Eu acho que o maior desafio da minha carreira foi encontrar minha própria voz, no sentido de ter auto-confiança no meu trabalho.

Eu comecei minha carreira muito nova. Com 26 para 27 anos já estava cuidando da Mundo Estranho. Era uma revista super legal e eu já tinha, de fato, capacidade para cuidar de uma revista, mas existe um estigma pelo fato de você ser jovem, que interfere no jeito como as pessoas te tratam e eu vi isso acontecer algumas vezes. Inclusive, nessa hora ser mulher também é algo que pesa: as pessoas te “adotam” de certa forma, ou elas te infantilizam.

Existiu um processo de amadurecimento, meu, que foi de desenvolver a minha voz. Se impor, pra mim, sempre foi uma dificuldade. Hoje é algo que eu consegui superar, mas só veio com a experiência mesmo.

O meu maior desafio é lidar comigo mesma. Porque às vezes eu sou a minha pior crítica. Na época em que eu saí da Abril, eu estava fazendo coisas super legais, mas ao mesmo tempo eu já sentia que aquilo era mais do mesmo e achava que nada nunca estava bom o suficiente. Eu já tinha visto 500 mil referências e quando alguém vinha me mostrar algo novo, eu sabia exatamente de onde era aquilo. Ainda não existia Pinterest, mas mesmo assim, todo mundo bebia das mesmas fontes. Eu conseguia olhar pra um trabalho e não achar que estava legal, porque já tinha visto algo parecido. Eu estava numa fase muito “blasé”, em que nada mais me encantava, e foi por isso que precisei sair, pra poder me reencontrar.

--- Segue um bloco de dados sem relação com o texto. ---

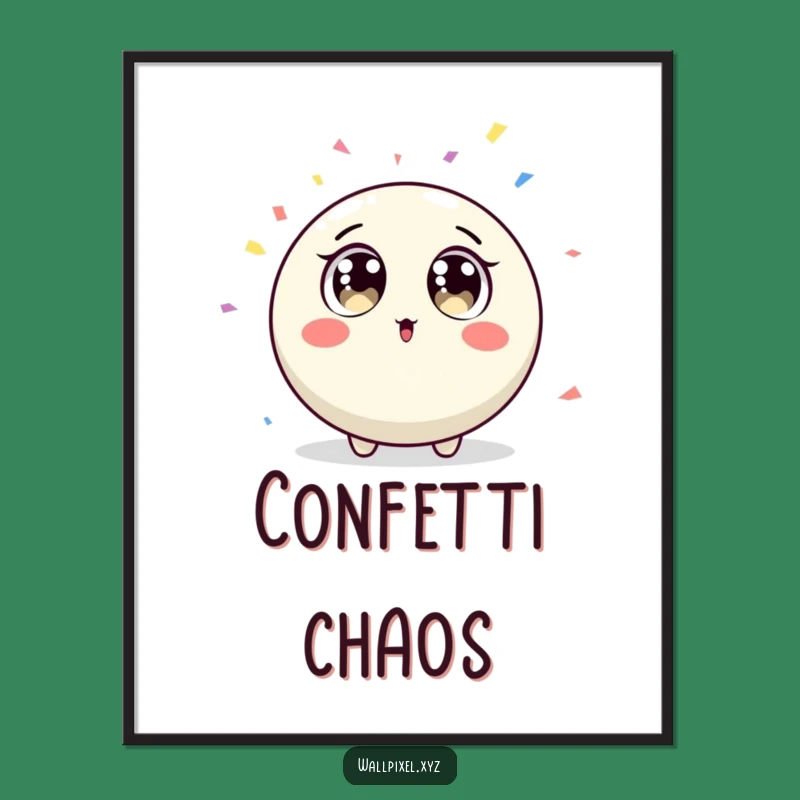 Funny Pixel Surprise Confetti Digital Art - Festive Wall Decor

Eu converso muito com amigos sobre isso e cheguei à conclusão de que existem muitos tipos de Designers: tem aqueles que não têm projetos pessoais e fazem do trabalho diário a sua realização de criação; e tem também aqueles que não se importam tanto com isso, que às vezes fazem um trabalho incrível, impecável, mas não se envolvem tanto no processo. Então quem se envolve acaba sofrendo mais com isso, por nunca achar que está bom o suficiente. É um envolvimento muito afetivo com o que se está fazendo e a gente não vê só como trabalho. Imagino que, ao mesmo tempo, quem consegue enxergar a atividade do design só como trabalho também acaba sofrendo um pouco, porque não vê tanto propósito no que faz. Daí eu levanto mais uma vez a minha bandeira de que você tem que ter projetos pessoais para tornar tua vida mais tolerável. Porque com eles você pode fazer o que quiser! É importante que você tenha espaço para dar vazão a isso e não gerar frustrações.

Você já sentiu alguma dificuldade na sua carreira, relacionada ao fato de ser mulher?

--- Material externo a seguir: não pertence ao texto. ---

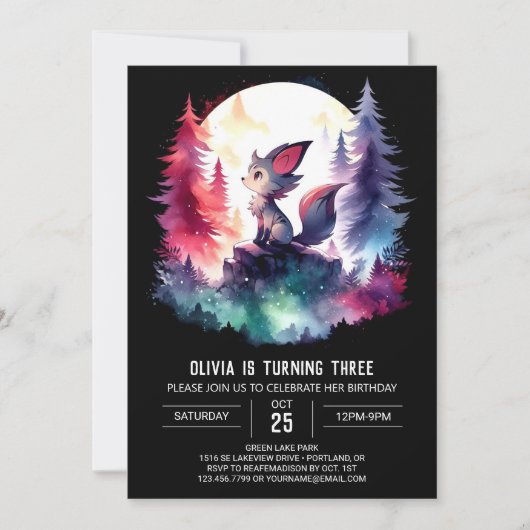 かわいいプリント可能なオオカミの誕生日 招待状 (正面)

Como eu falei, eu tinha uma certa insegurança no começo, por ser muito nova (e eu nunca aparentei ter a idade que eu tenho, sempre pareci mais nova), então as pessoas me infantilizavam e para mim acho que isso pesou mais do que algum caso específico.

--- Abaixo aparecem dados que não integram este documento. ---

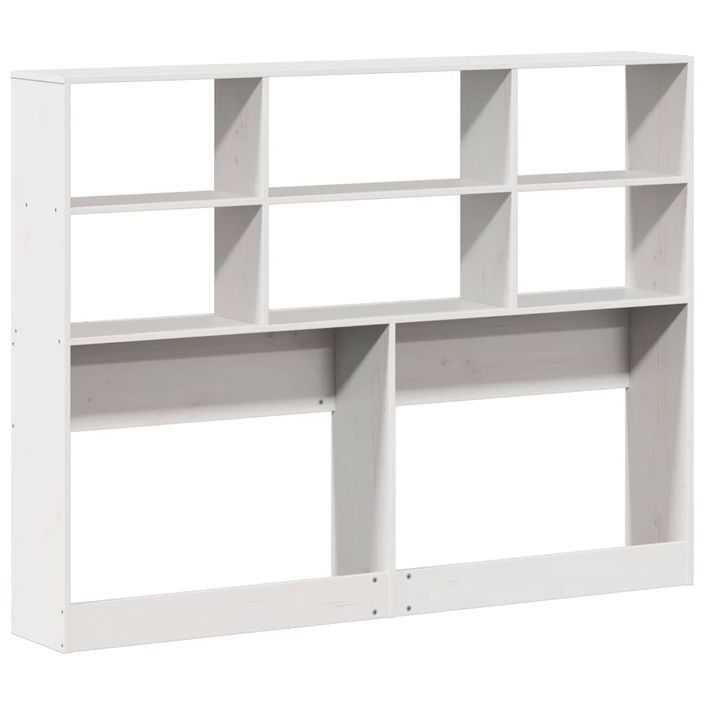 Tête de lit avec rangement blanc 135 cm bois massif de pin - Photo n°6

Eu também acho que demorei a ser reconhecida financeiramente. Porque as pessoas que cuidavam de outras revistas (os homens) ganhavam mais do que eu. Eu não sei se isso era devido a minha postura, mas eu sabia dessa diferença salarial e não era só comigo, com outras mulheres na mesma posição também. Isso para mim foi o mais grave.

Durante a sua trajetória, você sentiu alguma diferença entre trabalhar com mulheres e com homens?

Não. Eu não vejo essa diferença, mas tem algo que eu aprendi observando a maneira como colegas homens e mulheres trabalhavam: As mulheres costumam ser muito mais “multitask”, fazem várias coisas ao mesmo tempo e isso tem o seu lado bom e o seu lado ruim, porque você acaba interrompendo muito o seu fluxo de trabalho para resolver demandas alheias. A maioria dos homens (e eu tinha uma colega que fazia isso, também) recebia uma tarefa de outra pessoa e não interrompia o que estava fazendo para resolver, mas deixava no fim da lista. Assim, você acaba descobrindo que muitas das demandas que chegam para você podem ser resolvidas por outras pessoas ou pela própria pessoa que te passou aquilo, se você der meia hora, por exemplo. Acho que existe uma ansiedade de eficiência (e acho que mulher tem muito disso) que acaba comprometendo a nós mesmas, porque você atrasa o seu próprio trabalho para resolver uma outra questão. Quando eu comecei a fazer isso também, minha vida ficou bem melhor, porque comecei a focar em terminar o meu trabalho e não parar o que eu estava fazendo para  que o outro acabasse o dele antes.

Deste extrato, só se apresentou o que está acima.